-- Data extract follows --
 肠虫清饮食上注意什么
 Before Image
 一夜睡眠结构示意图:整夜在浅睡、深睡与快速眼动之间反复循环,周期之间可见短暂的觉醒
-- Data extract concluded --
### [Task goal]
Your task is to print the whole listing again exactly.

### [Result of the task]
 肠虫清饮食上注意什么
 Before Image
 一夜睡眠结构示意图:整夜在浅睡、深睡与快速眼动之间反复循环,周期之间可见短暂的觉醒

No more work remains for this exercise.